Salah satu sebab kenapa kegiatan IUUF masih terus berlangsung di wilayah perairan LNU yang sebelumnya menjadi wilayah abu-abu bagi kedua negara, tidak lain adalah karena sampai saat ini belum ada publikasi atau pernyataan resmi dari masing-masing negara.
Persoalan tersebut menjadi perhatian dan dilakukan analisis oleh Indonesia Ocean Initiative Justice (IOJI) selama rentang waktu Januari sampai Maret 2023. Menurut IOJI, akibat ketiadaan publikasi, sampai sekarang belum diketahui titik koordinat yang disepakati oleh kedua negara.

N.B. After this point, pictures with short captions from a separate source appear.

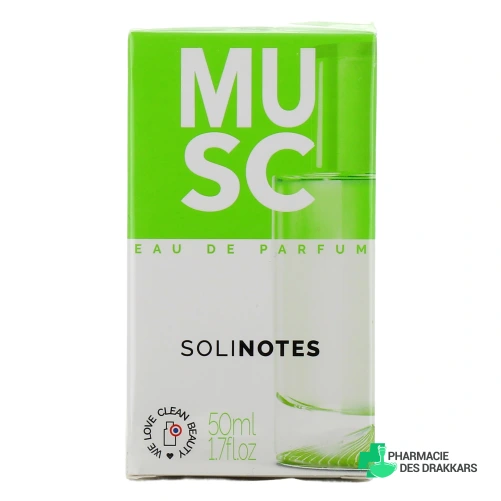 Solinotes Eau de Parfum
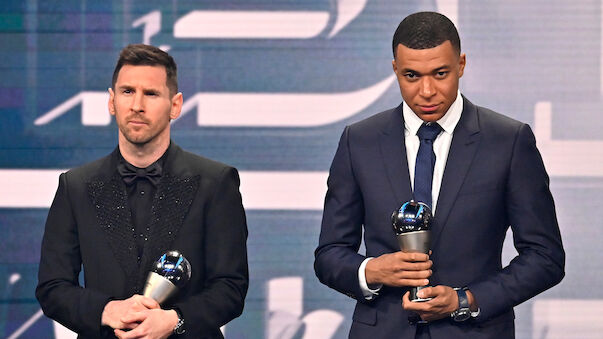 Mbappe kritisch: 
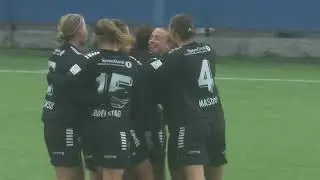 Toppserien: Kolbotn - Hønefoss BK 1-2 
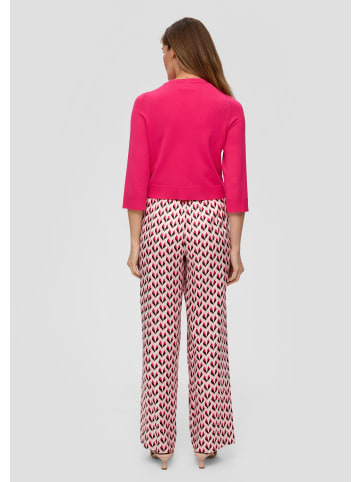 s.Oliver Strickjacke in 4554_pink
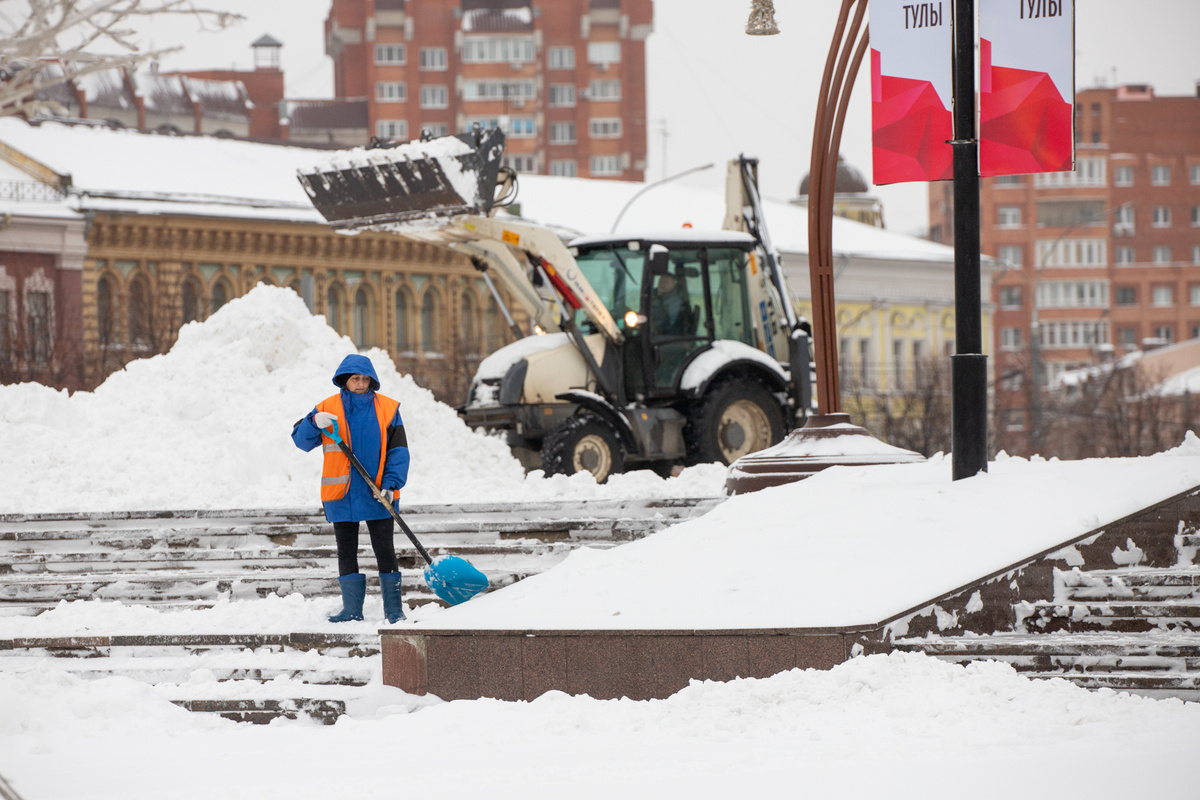 Фото: Тульская служба новостей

Dengan demikian, belum diketahui secara resmi dan jelas di mana lokasi garis batas ZEE Indonesia dan Vietnam. Padahal, jika titik koordinat diketahui secara luas, maka publik juga bisa tahu lokasi mana secara persis yang menjadi klaim kedua negara.
Dalam kertas analisis yang dipublikasikan secara resmi, IOJI menyebutkan kalau deteksi dugaan kegiatan IUUF muncul karena peta yang digunakan masih berupa peta lama dan disepakati oleh Indonesia dan Vietnam pada 2003 atau 20 tahun yang lalu.
Peta lama memuat garis batas ZEE klaim unilateral Indonesia dan garis landas kontinen antara Indonesia dengan Vietnam. Klaim tersebut menjadi garis-garis batas maritim yang disepakati kedua negara saat itu.
Anggota tim peneliti keamanan maritim IOJI Gabriela Gianova menjelaskan, deteksi aktivitas IUUF oleh Kapal berbendera Vietnam berlangsung di LNU selama Januari hingga Maret 2023. Sebanyak enam kapal terdeteksi melalui sistem identifikasi otomatis (AIS) dari Marine Traffic, dan 16 kapal lainnya terdeteksi oleh citra satelit yang beroperasi di wilayah non sengketa LNU milik European Space Agency (ESA).
Tetapi, dia mengingatkan jika semua kapal yang terdeteksi tersebut bisa jadi adalah kapal penangkap ikan yang sama. Jadi, deteksi terhadap 22 kapal tersebut tidak bisa dihitung secara manual dengan menjumlahkannya menjadi total 22 kapal.
baca : Siskamling Laut KKP: Kapal Asing Vietnam Ditangkap di Natuna Utara
Menariknya, tak hanya kapal penangkap ikan saja yang berhasil terdeteksi oleh IOJI, namun juga ada kegiatan patroli kapal-kapal Vietnam Fisheries Resources Surveillance (VFRS) di wilayah LNU dengan pola patroli sama seperti sebelum disepakatinya garis batas ZEE Indonesia dan Vietnam.
Dari deteksi, diketahui ada sebanyak delapan kapal VFRS yang berpatroli di sepanjang garis batas landas kontinen Indonesia-Vietnam pada periode 1 Desember 2022 sampai 9 Februari 2023. Itu membuktikan kalau kapal milik VFRS sudah beroperasi jauh sebelum pembaruan kesepakatan antara kedua negara pada Desember 2022.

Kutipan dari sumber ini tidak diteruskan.